OK, I know figures of speech evolve (“rule of thumb,” for example, may have come from an old law allowing a man to beat his wife as long as the stick was no thicker than his thumb). And some people will insist that “drink the Kool-Aid” stems not from Jonestown but from “The Electric Kool-Aid Acid Test,” Tom Wolfe’s 1968 book about the psychedelic peregrinations of writer Ken Kesey.

Whether that’s true (and, come on, are we supposed to believe O’Reilly is smacking down his dissenting guests by suggesting they’re tripping out in a Day-Glo school bus?), I still feel compelled to suggest we ease up on this particular metaphor. There’s something grotesque, even offensive, about comparing public figures or members of opposing political parties or nonviolent activists to followers of a deranged, murderous cult leader. We’re not isolated in the jungle; we’re drowning in information. We’re also knee-deep in round-the-clock analysis and critique of that information.

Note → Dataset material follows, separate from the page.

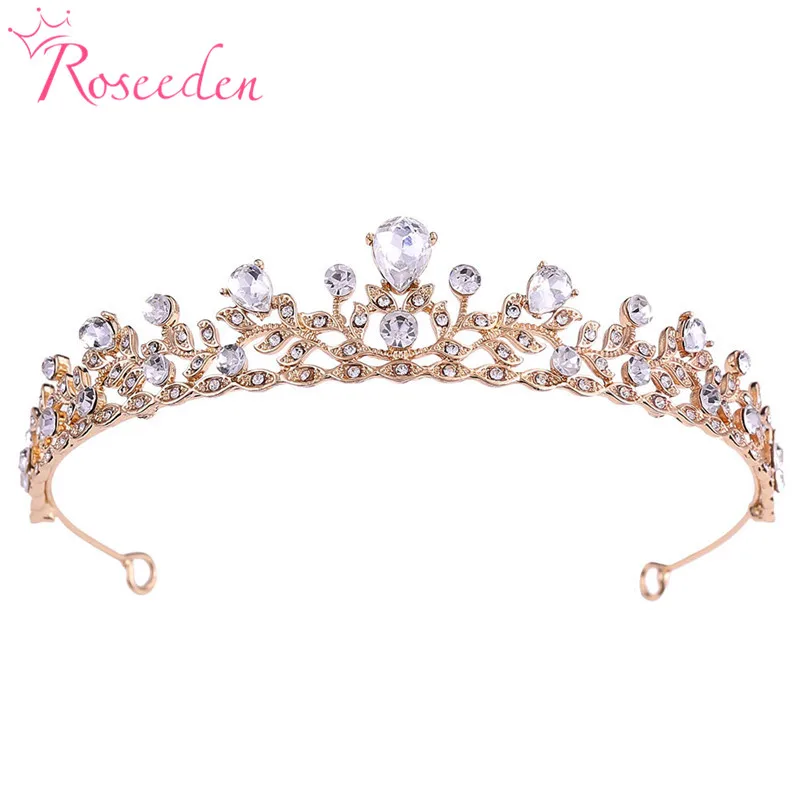 Venda quente Cor de Prata Folha Rhinestone Nupcial Tiara de Coroa de Princesa Diadem para o Cabelo do Casamento Jóias Festa de Formatura RE3749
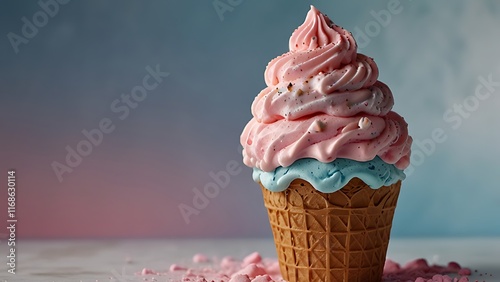  Closeup of soft ice cream in waffle cones, soft serve, dessert, dairy, swirl, cold, treat, vanilla photo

Unlike cult members, who are programmed to abdicate anything resembling personal opinion, we revere personal opinion and individual action. Granted, that can lead some people astray, but despite all the griping about the manipulations of “lamestream” media and the conspiracies waged by (take your pick) big corporations or big government, we probably drink the Kool-Aid less now than at any time in history.

We’ve even got one political movement whose problem is not that it’s lead by zealots but by no one at all. Can you imagine the Occupy Wall Street crowd drinking poisoned Kool-Aid? Those hand signals they use would make them spill it everywhere.

Friday marked the 33rd anniversary of the Jonestown massacre. It was not a round-number anniversary; there weren’t likely to be a lot of memorials or mentions in the news. But maybe it would have been worth marking the occasion by trying not to say “drink the Kool-Aid” for at least a day. After all, there’s no dearth of overused figures of speech out there ― just think outside the box.

By Meghan Daum

Meghan Daum, an essayist and novelist, is a columnist for the Los Angeles Times. ― Ed.